> [DESCRIPTION OF THE TASK]: Every entry gets copied exactly. No images go into the copy.

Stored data
# # # #

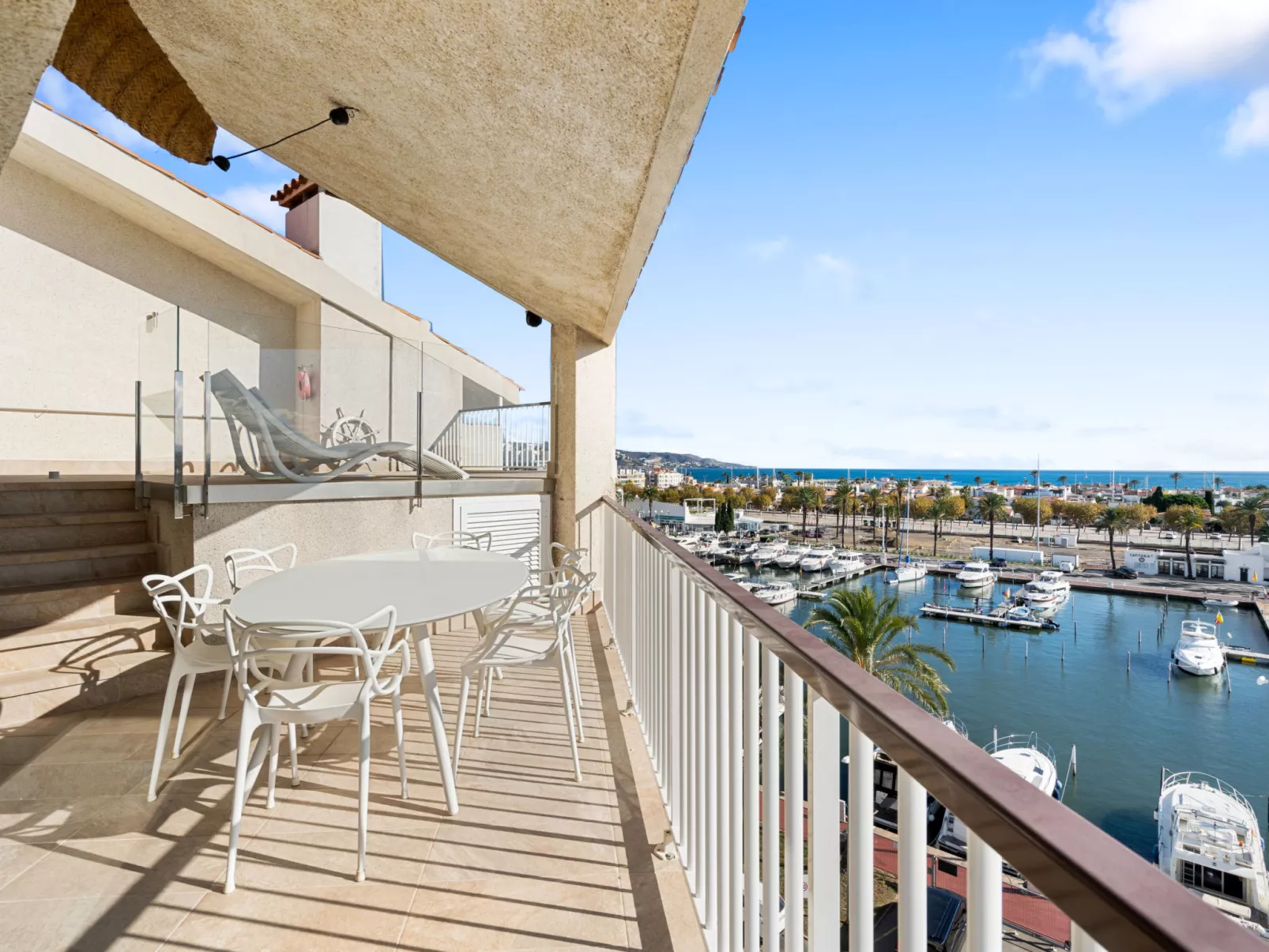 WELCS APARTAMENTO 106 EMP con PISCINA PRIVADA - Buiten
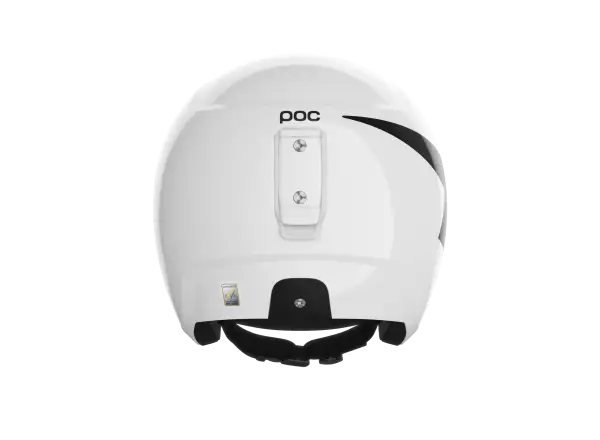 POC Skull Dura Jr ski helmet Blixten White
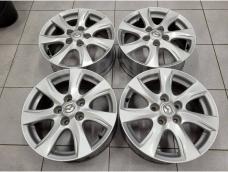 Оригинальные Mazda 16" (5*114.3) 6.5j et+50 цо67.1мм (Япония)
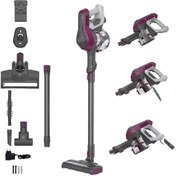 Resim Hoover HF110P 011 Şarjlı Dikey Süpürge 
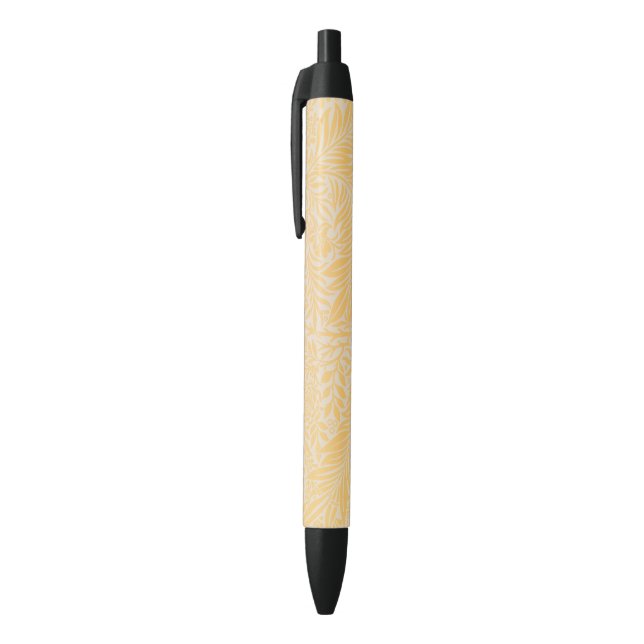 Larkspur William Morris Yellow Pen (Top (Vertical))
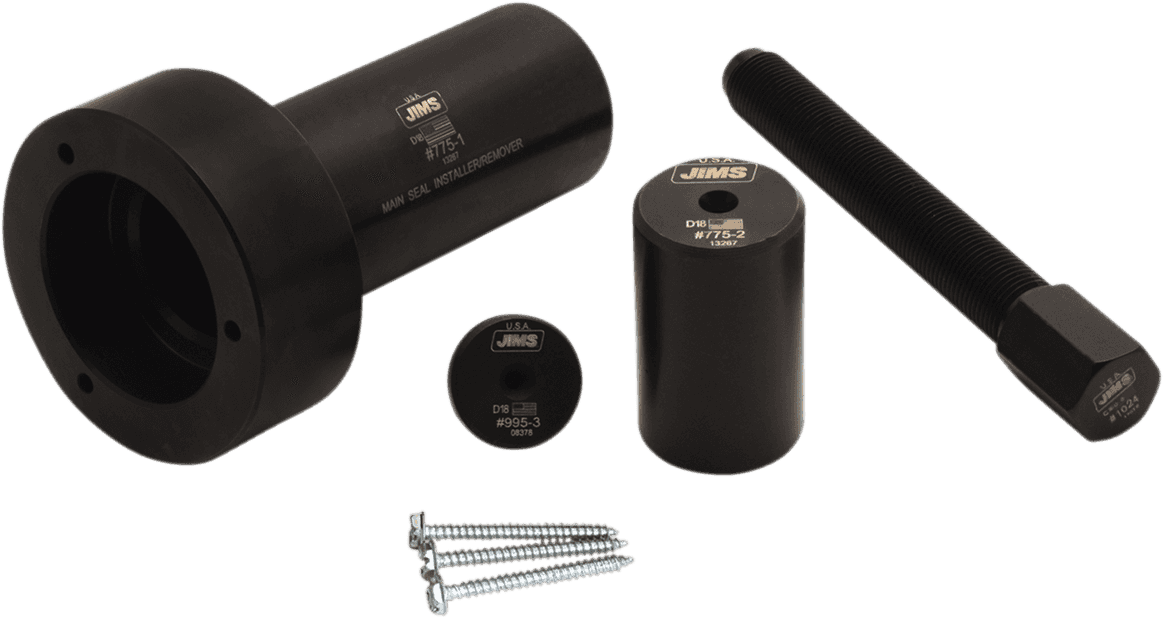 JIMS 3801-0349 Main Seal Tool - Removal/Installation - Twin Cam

# # # #

> [ANSWER SPACE]:
 WELCS APARTAMENTO 106 EMP con PISCINA PRIVADA - Buiten
 POC Skull Dura Jr ski helmet Blixten White
 Оригинальные Mazda 16" (5*114.3) 6.5j et+50 цо67.1мм (Япония)
 Resim Hoover HF110P 011 Şarjlı Dikey Süpürge 
 Larkspur William Morris Yellow Pen (Top (Vertical))
 JIMS 3801-0349 Main Seal Tool - Removal/Installation - Twin Cam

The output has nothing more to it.